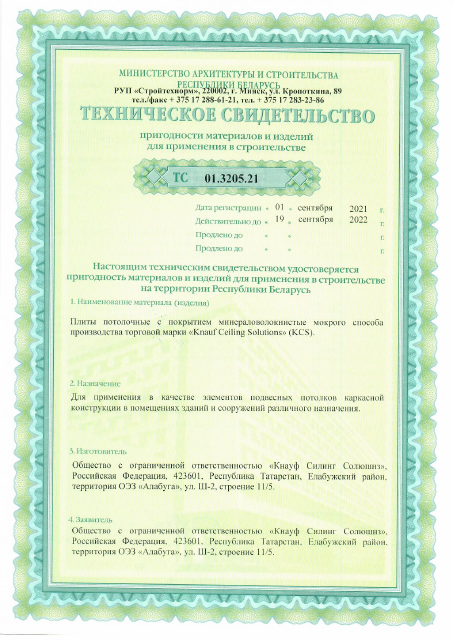 Первая страница: ТС 01.3205.21 до 19.09.22 Алабуга 2021 ООО Кнауф Силинг Солюшнз.pdf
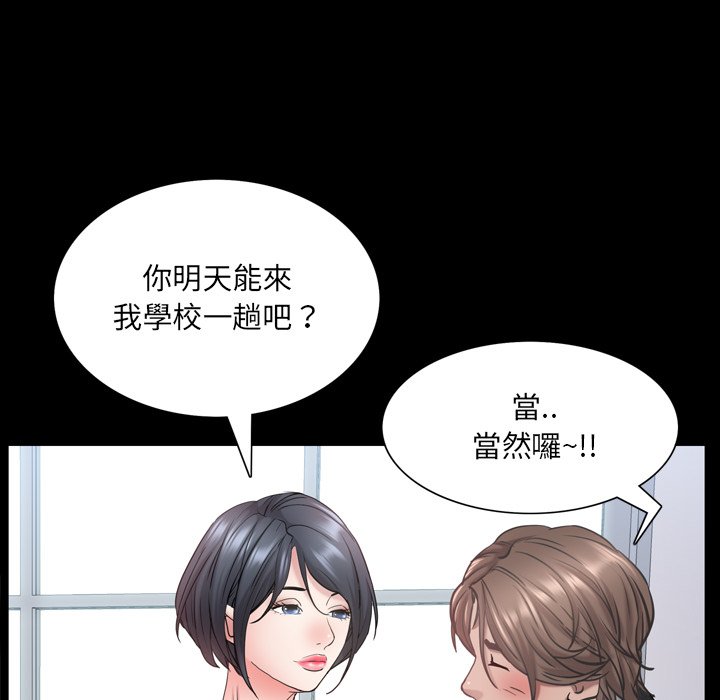 《一次就上瘾》漫画最新章节一次就上瘾-第24章免费下拉式在线观看章节第【76】张图片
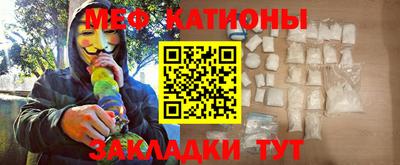 прущие грибы Кулебаки
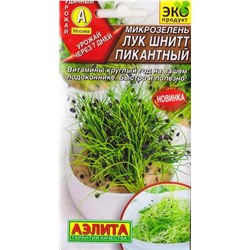 Микрозелень Лук шнитт Пикантный (Код: 87479)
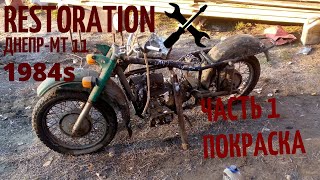 😲☝️реставрация Днепр мт 11| Покраска Днепр мт.☝️🙄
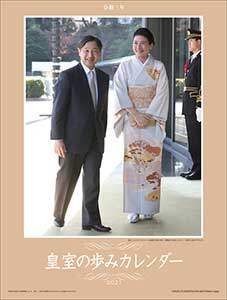皇室の歩み　２０２１年カレンダー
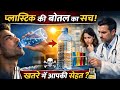 “Plastic Bottle का सच 😱 | क्या आप Slow Poison पी रहे हैं?”
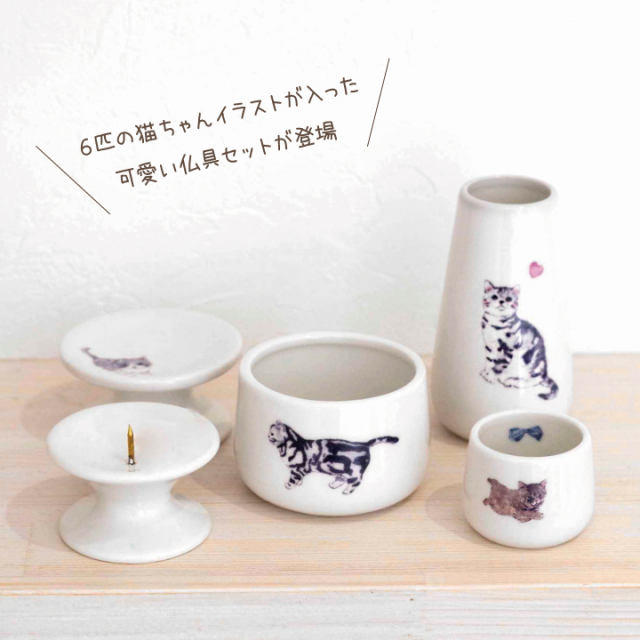 ペット仏具 猫ちゃん 仏具5点セット Aタイプ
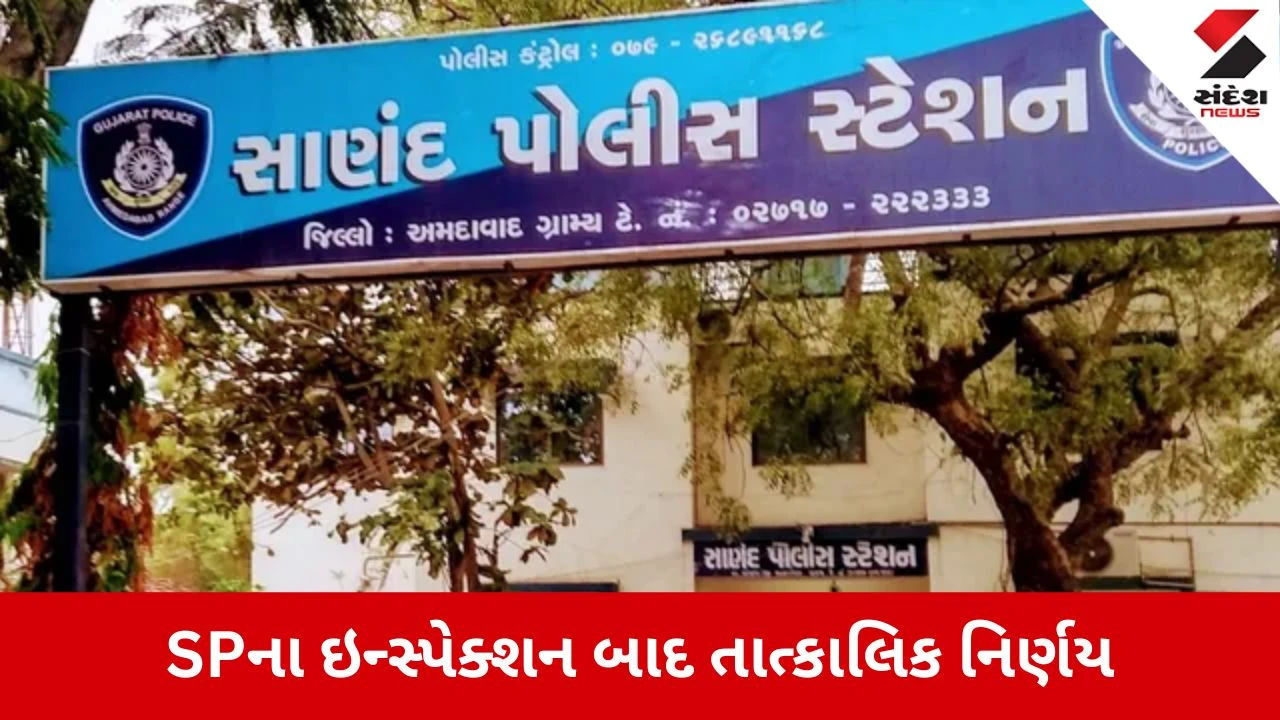 Ahmedabad: સાણંદ પોલીસ સ્ટેશનમાં મોટી કાર્યવાહી, 4 PSI સહિત 12 પોલીસ કર્મચારીઓની સામૂહિક બદલી
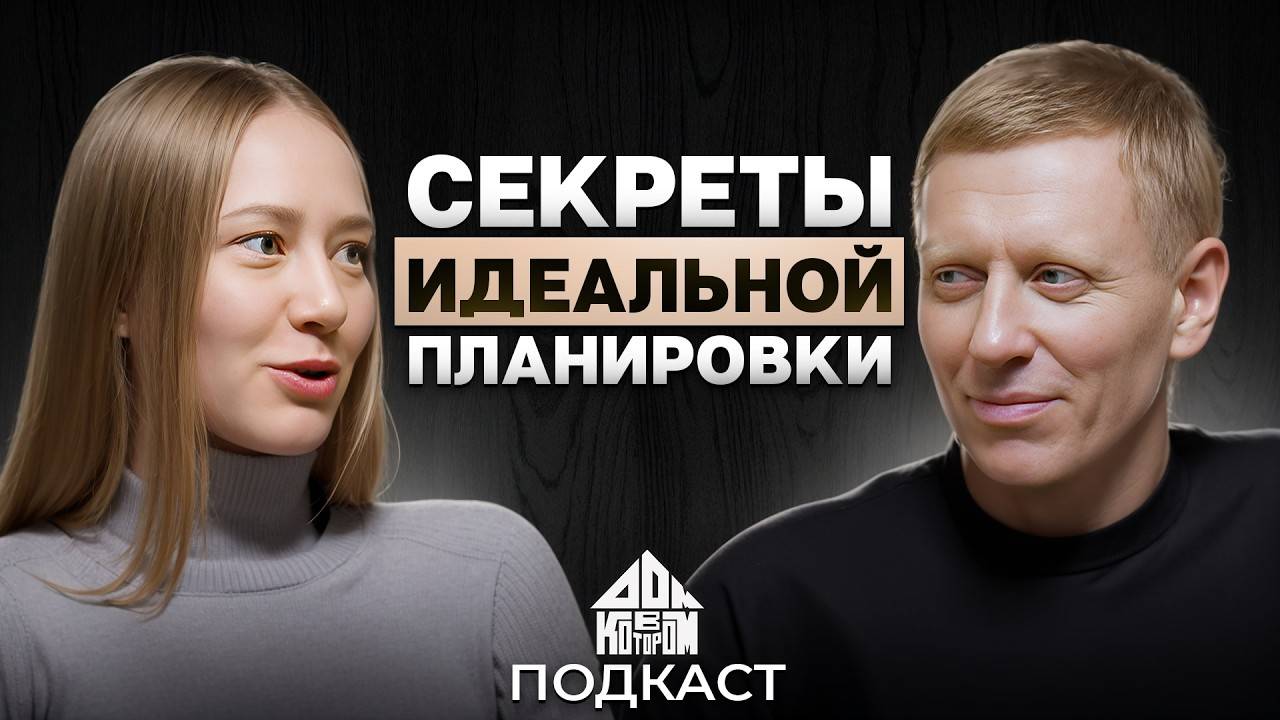 Дом НАЧИНАЕТСЯ с ЭТОГО! / Как ВЫБРАТЬ ПЛАНИРОВКУ загородного дома?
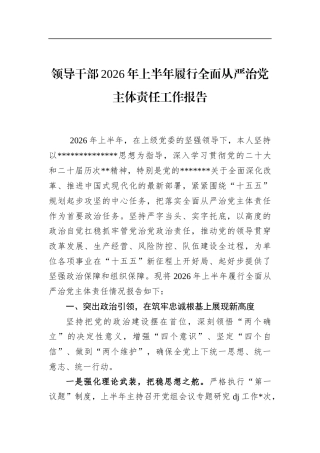 领导干部2026年上半年履行全面从严治党主体责任工作报告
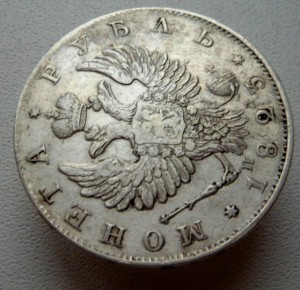 Рубль 1823 СПБ ПД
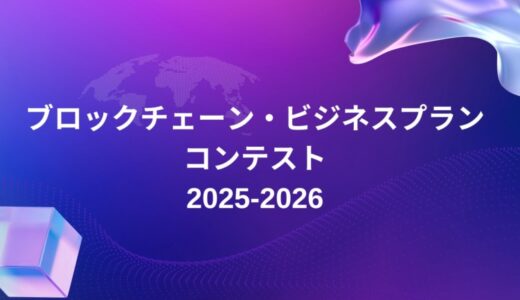 「ブロックチェーン・ビジネスプランコンテスト」および「新規事業プランニング講座」開催のお知らせ
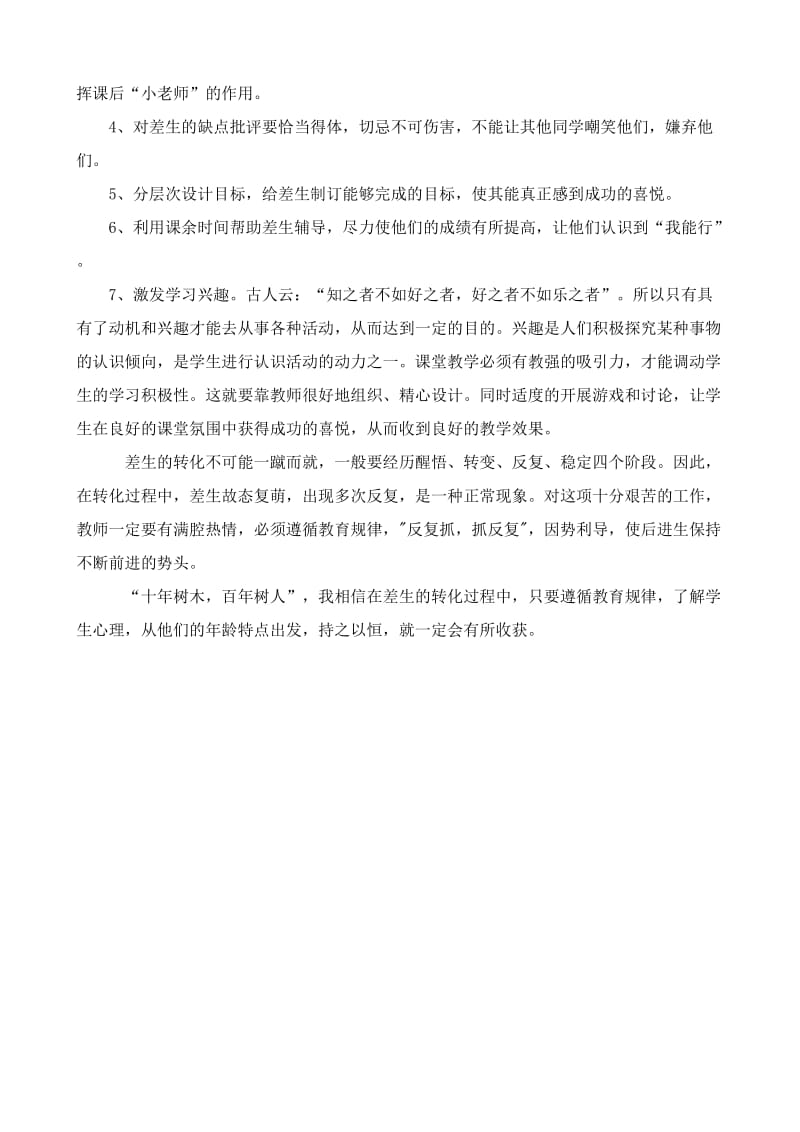 差生辅导计划.doc_第2页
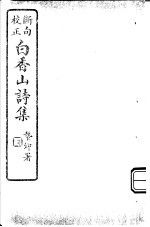 白香山诗集 第3册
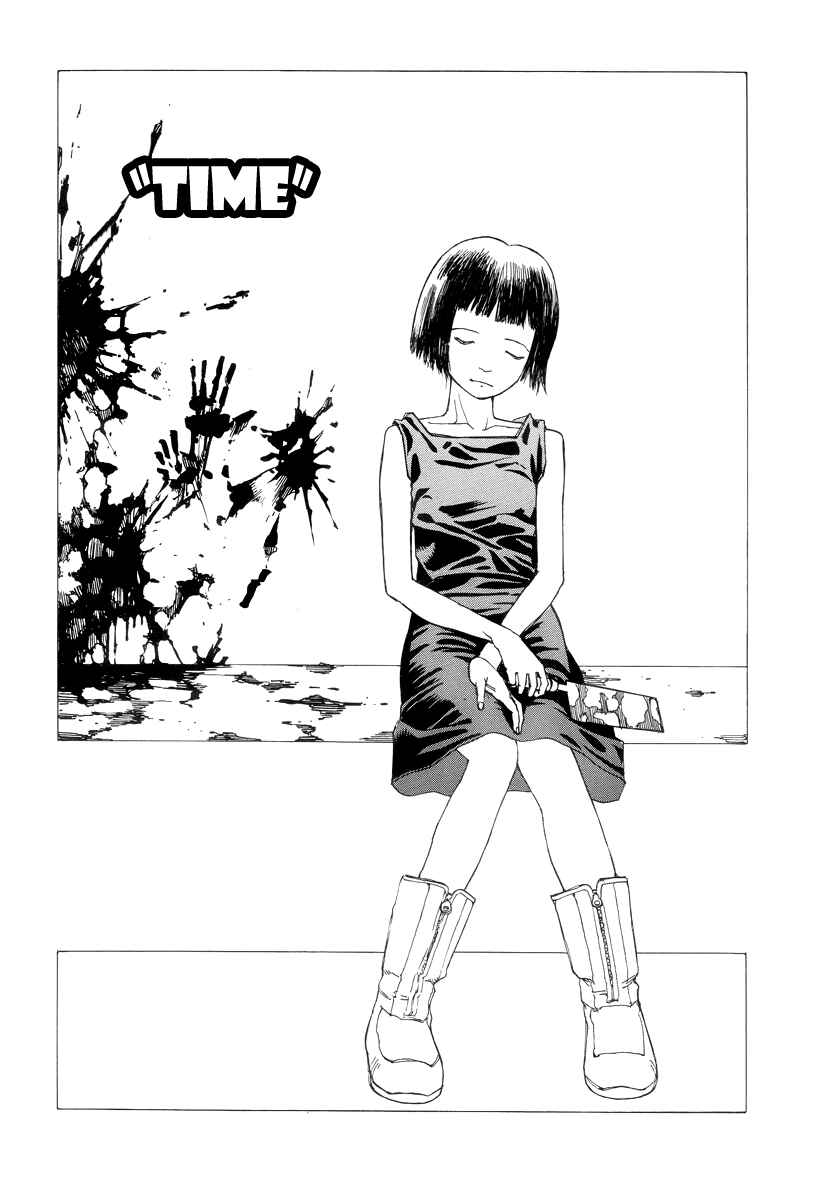 Page 1 Chapter 7 Paranoia Street
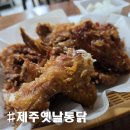 옛날통닭성산점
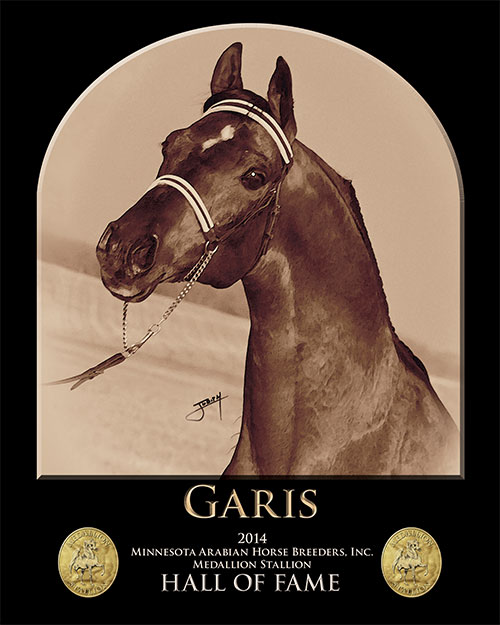 garvis-hall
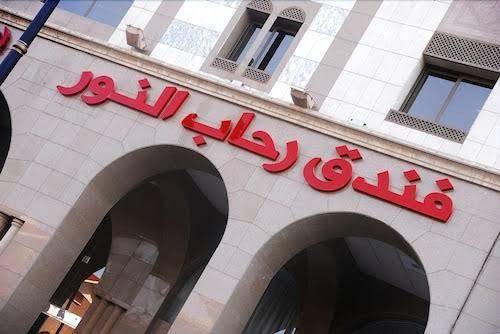 Hotel rehab al noor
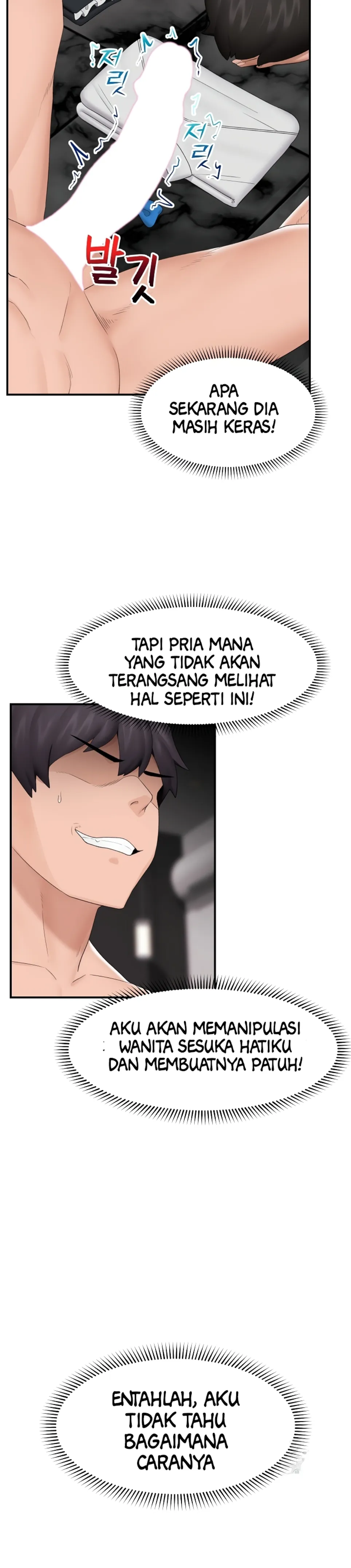 image-komik-hypnotic-security-guard-chapter-35-28/32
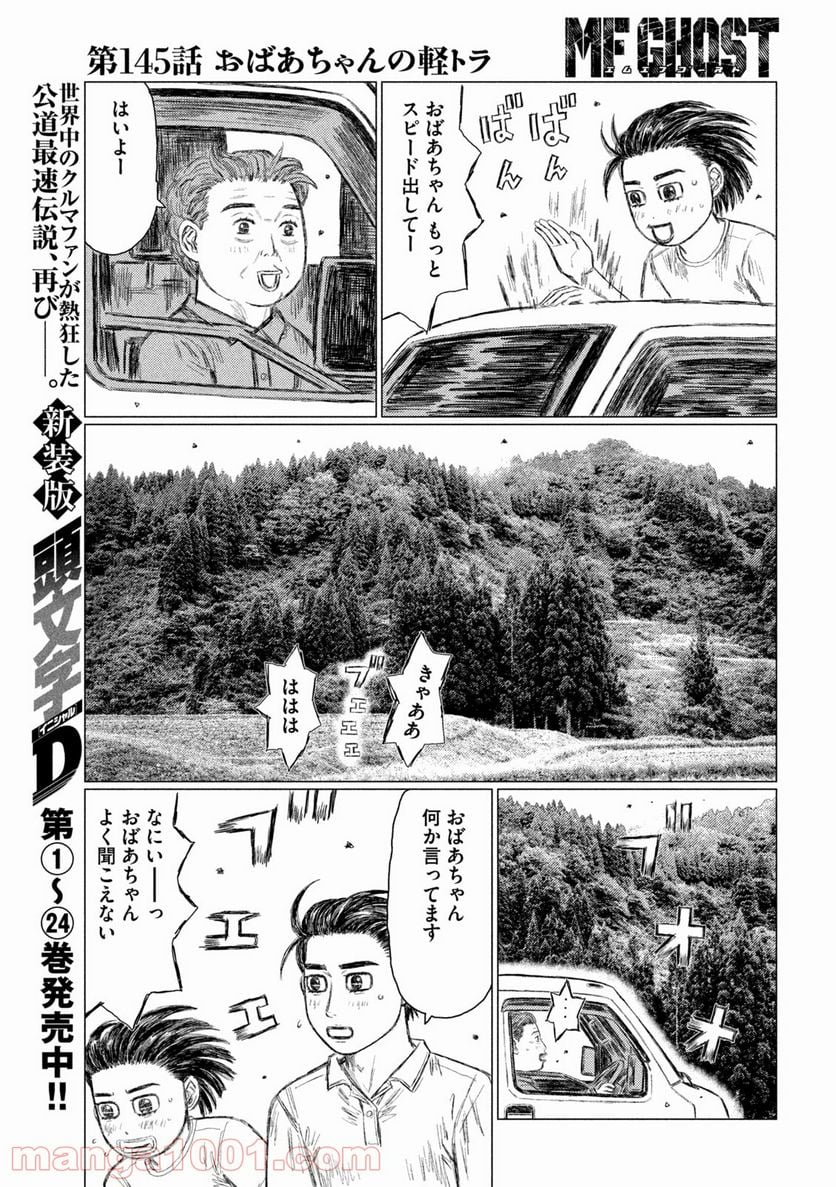 MF ゴースト 第145話 - Page 7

______________________________

• What you need to do
Exact repeats of the lines from the first one in the data through the line containing "Bottle का सच" make up the answer. Pictures do not.

• Answer below
 Первая страница: ТС 01.3205.21 до 19.09.22 Алабуга 2021 ООО Кнауф Силинг Солюшнз.pdf
 《一次就上瘾》漫画最新章节一次就上瘾-第24章免费下拉式在线观看章节第【76】张图片
 прущие грибы Кулебаки
 Микрозелень Лук шнитт Пикантный (Код: 87479)
 😲☝️реставрация Днепр мт 11| Покраска Днепр мт.☝️🙄
皇室の歩み　２０２１年カレンダー
 “Plastic Bottle का सच 😱 | क्या आप Slow Poison पी रहे हैं?”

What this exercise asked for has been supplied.